The Jana Sangh’s first biographer, Craig Baxter, spoke of the party as having, “a unique position among the national political parties of India”; it was the only political party in India, that had”‘increased its percentage of the popular vote and its share of parliamentary and assembly seats in each successive election from 1952 through 1967.”

The Jana Sangh had another distinction; it was the only national party to be formed within five years of independence by a Bengali ‘bhadralok’ , Syama Prasad Mookerjee, from south Kolkata, who was determined to set the course by evolving an alternate political narrative and structure to the dominant Nehruvian Congress.

The founder of the Jana Sangh and his young political co-workers were clear that the new political formation was not founded merely keeping the impending election in mind, nor was it formed simply to oppose the Congress. They were convinced that they were laying the foundations of a new political narrative for independent India which would articulate, symbolise and embody the aspirations of an independent India.

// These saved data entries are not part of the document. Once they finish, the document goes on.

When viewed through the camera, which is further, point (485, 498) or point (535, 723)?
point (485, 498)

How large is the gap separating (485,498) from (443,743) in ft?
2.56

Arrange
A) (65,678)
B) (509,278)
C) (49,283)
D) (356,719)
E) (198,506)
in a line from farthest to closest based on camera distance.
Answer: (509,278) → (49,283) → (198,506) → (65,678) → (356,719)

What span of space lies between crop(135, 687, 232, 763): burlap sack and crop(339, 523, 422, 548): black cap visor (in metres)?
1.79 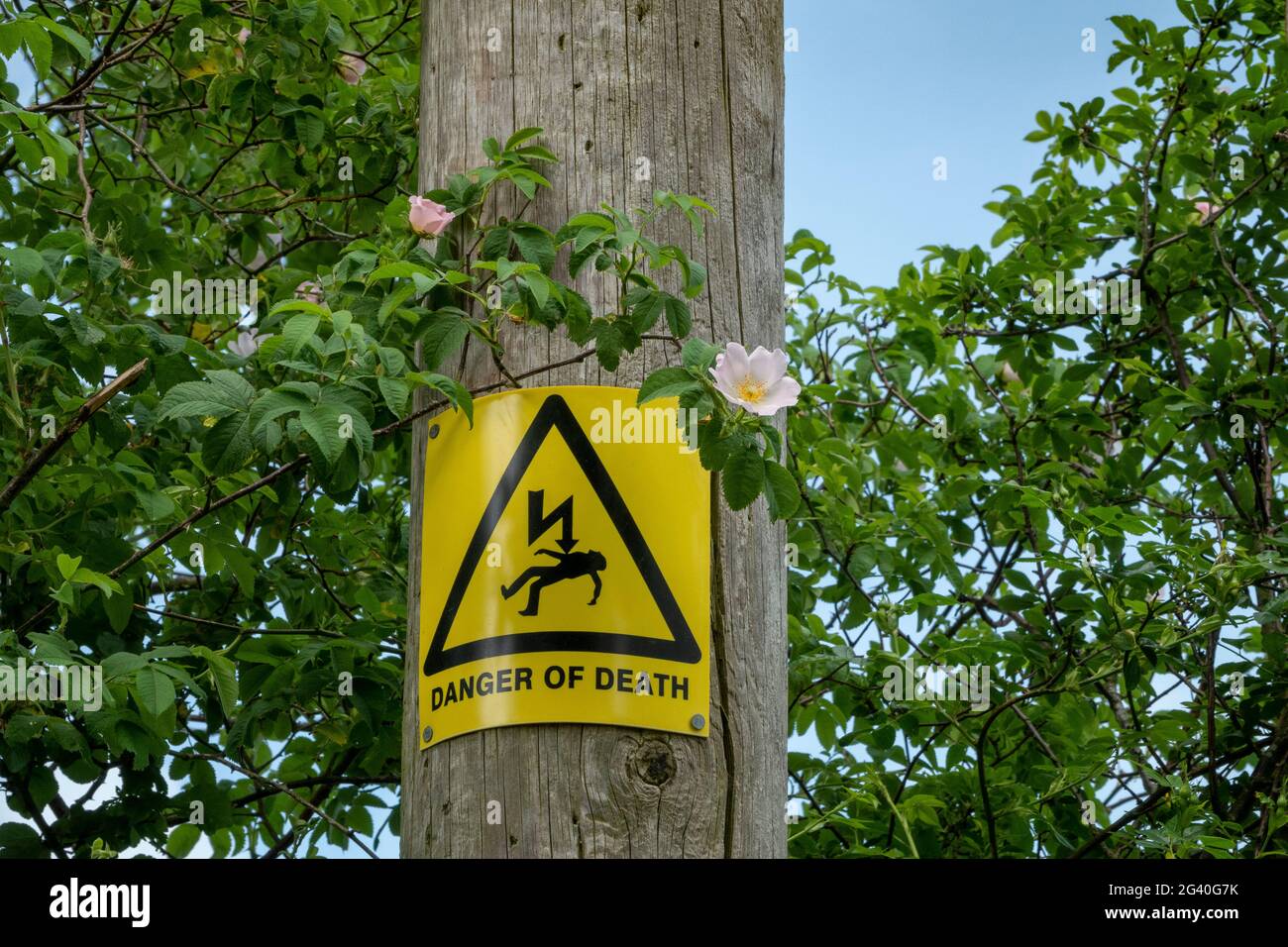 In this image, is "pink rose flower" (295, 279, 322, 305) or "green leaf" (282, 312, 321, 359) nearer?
"green leaf" (282, 312, 321, 359)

Deendayal Upadhyaya, Mookerjee’s lieutenant and understudy perhaps best described the raison d’etre of Jana Sangh on the eve of the general election. The Jana Sangh, Upadhyaya pointed out, did not have a nucleus formed of “disgruntled, dissident or discredited group of Congressmen” as was the case with other political parties that were being formed. The Jana Sangh’s inspiration, “came from those who basically differed from the Congress outlook and policies.”

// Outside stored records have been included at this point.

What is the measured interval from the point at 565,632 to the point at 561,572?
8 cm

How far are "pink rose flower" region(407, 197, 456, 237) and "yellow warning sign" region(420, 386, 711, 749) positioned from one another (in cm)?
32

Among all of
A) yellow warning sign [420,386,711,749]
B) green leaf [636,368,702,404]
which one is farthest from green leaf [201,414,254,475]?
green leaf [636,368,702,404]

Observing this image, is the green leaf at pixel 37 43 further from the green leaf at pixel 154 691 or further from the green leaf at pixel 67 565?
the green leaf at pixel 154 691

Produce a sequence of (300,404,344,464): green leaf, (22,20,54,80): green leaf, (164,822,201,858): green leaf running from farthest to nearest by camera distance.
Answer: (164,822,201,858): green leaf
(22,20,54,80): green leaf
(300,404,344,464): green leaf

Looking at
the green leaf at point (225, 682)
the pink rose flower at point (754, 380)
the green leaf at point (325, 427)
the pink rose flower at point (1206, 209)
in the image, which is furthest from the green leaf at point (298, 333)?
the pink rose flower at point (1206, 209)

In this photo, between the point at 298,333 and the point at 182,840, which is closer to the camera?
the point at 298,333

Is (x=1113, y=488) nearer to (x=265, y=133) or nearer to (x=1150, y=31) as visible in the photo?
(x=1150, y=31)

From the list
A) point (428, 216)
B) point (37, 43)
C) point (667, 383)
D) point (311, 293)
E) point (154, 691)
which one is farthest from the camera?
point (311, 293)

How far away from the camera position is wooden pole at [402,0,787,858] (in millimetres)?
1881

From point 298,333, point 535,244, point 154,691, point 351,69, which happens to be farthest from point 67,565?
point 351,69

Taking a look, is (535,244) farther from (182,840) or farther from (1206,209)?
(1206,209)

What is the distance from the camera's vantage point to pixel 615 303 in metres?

Writing in the midst of elections in January 1952, on “Congress versus Jana Sangh”, Upadhyaya pointed out that the “dilemma before the purposeless Congress and its workers, after independence” was “to identify a task” to which they could commit themselves. He likened the Congress to a corpse which was decaying, “with parts falling off every now and then.” Out of this decaying mass, Upadhyaya caustically wrote, “have sprung up other organisms we know as different political parties, the socialists being the first.” But these parties, he argued, were created “merely for the sake of opposition” and had no “real basis of their own.” The Jana Sangh was completely different, he said: “We have to seek a fundamental basis in order to solve our problems. We have to look ahead, and not merely stand in opposition.” Jana Sangh, in Upadhyaya’s words, did “not exist merely to oppose the Congress. The task of making the country happy and prosperous [was] foremost in its view.” These were the cardinal and fundamental differences between the newly formed Jana Sangh and the other splinters of the Congress which had joined the fray of the general election.

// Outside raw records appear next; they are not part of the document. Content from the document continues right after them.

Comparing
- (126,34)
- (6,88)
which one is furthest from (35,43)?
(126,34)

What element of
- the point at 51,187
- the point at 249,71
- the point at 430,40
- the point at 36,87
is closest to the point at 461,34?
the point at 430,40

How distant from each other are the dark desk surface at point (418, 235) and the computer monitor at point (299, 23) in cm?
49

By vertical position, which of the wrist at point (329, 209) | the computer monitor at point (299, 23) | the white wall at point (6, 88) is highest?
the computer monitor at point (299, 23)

When Syama Prasad Mookerjee launched the Jana Sangh on October 21, 1951, multiple challenges faced the fledgling party. Its first task, besides putting together a national and provincial organisation, was to prepare for the general election and all that it entailed – candidate selection, fund raising, manifesto, campaign plan and much more. The first general election was just two months away, candidates who would fight the elections under Jana Sangh’s symbol, Deepak, were hard to find. Jawaharlal Nehru had publicly vowed to “crush” the Jana Sangh, to which Mookerjee had famously retorted that he would crush his crushing mentality and above all the incredulity with which people in general looked at the attempt. The workers, though trained and motivated, lacked political experience and, as one early participant pointed out, “its very name was unknown to an overwhelming majority of people.” The Jana Sangh members dubbed Nehru as the party’s “honorary publicity secretary” since, the Prime Minister, in nearly every meeting was raucously vituperative against their party, thereby making it clear that the new party was the Congress’s principal and most serious adversary.

Despite great odds, a huge resource crunch, lack of infrastructure and a support system and fronts as compared to the Congress behemoth, the Jana Sangh, succeeded in winning three seats, with Mookerjee himself winning the south Kolkata Lok Sabha seat. As K.R.Malkani, wrote, “although the new party did not win too many seats, it secured more than 3% [3.06] of the popular vote and thus qualified as one of the five recognised national parties.” Mookerjee told the Jana Sangh workers after the results: “We began with zero and we have now got something plus everywhere. We have gained something and lost nothing.”

It was the start of a seven decade long relentless journey which ensured that seven decades after he founded the Jana Sangh, seven decades after the first general elections, and 75 years after India became independent, Mookerjee’s party, in a new avatar, would dominate India’s political firmament.